Two Paths

Tyne Hudson
Just Beginning
Published in
3 min readJan 19, 2018

(This was originally posted on my blog Selfhood Pending on June 2, 2016. It lives here until I decide to remove it from the Internet.)

You sit at your desk, back erect, staring intently at your computer monitor. It is occupied by a recently-polished spreadsheet, and the keyboard is still warm from the insistent tapping of anxious fingers. It’s silent. Your breath paints the air, cautiously permeating through time — the only indication that it hasn’t frozen.

If only it could.

Your spreadsheet is perfectly formatted. Four columns, countless rows. Two sets of data, each divided into two categories: pro and con. The rows of each section are equally populated. You’ve carefully weighed every factor.

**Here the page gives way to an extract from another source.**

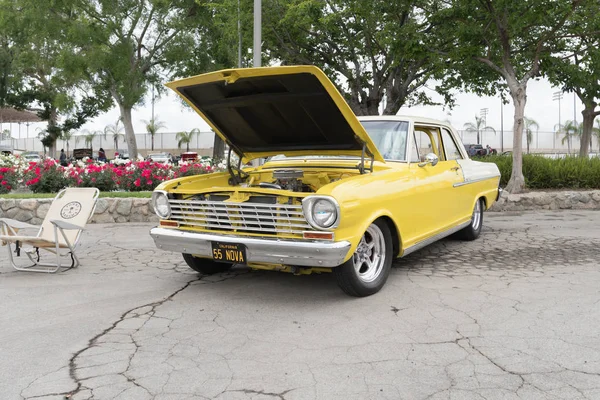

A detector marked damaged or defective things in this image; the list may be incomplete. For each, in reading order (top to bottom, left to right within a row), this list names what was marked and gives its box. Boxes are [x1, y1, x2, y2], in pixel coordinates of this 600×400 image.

This decision is going to determine your entire future, it needs to be logical. You’ve accounted for everything: location, financial feasibility, overall desirability, potential for future advancement. It’s all there. You just have to contemplate it for long enough, and the right answer will become clear.

You’re sure it will.

Your face becomes taut and wrinkled, as you strain to concentrate on the screen. You begin to tap your fingers on the desk, a restless rhythm from pinky to thumb. Thadum, thadum, thadum. They move faster, evolving from a waltz to a samba.

Buzz. Buzz.

You rip your eyes from spreadsheet, and snatch the phone. You quickly swipe to answer, moving smoothly from the table to your ear.

“Hello?”

“Hi.”

“Oh, hi.”

“Have you decided?”

“Not yet.”

“What’s holding you back?”

“You know it’s not that simple.”

“I thought I knew you, but I’m not so sure anymore.”

“C’mon. There’s so much more to it.”

“There doesn’t have to be.”

You don’t reply.

“Look, I’m sorry. I don’t want to argue with you…Just, promise me you’ll do whatever is going to make you happier.”

You come up short again.

“I know you’re struggling. But, just stop staring at that stupid spreadsheet and just think about it. Think about what you really want.”

You search for the right words.

“Choose the happiness that won’t have to be fabricated.”

“Ugh — ”

Click.

You glare at the phone, holding it in your palm for a moment before returning it to the table, ensuring that it’s face down. You pace, muttering, defending your chart until the anger calms. Then, you resume your place: gazing at your computer screen. Only, your eyes won’t focus on the words there. The pixels blur together into an illegible mass. So, you close the window and stomp over to the couch, careful not to throw yourself down, but sinking into the cushions once you land. A definite improvement.

You turn on the TV and raise the volume until you couldn’t possibly hear the taunts of reality. Under a blanket, engrossed in a movie you’ve seen one hundred times before, you wonder:

What if I just did it, just for the hell of it?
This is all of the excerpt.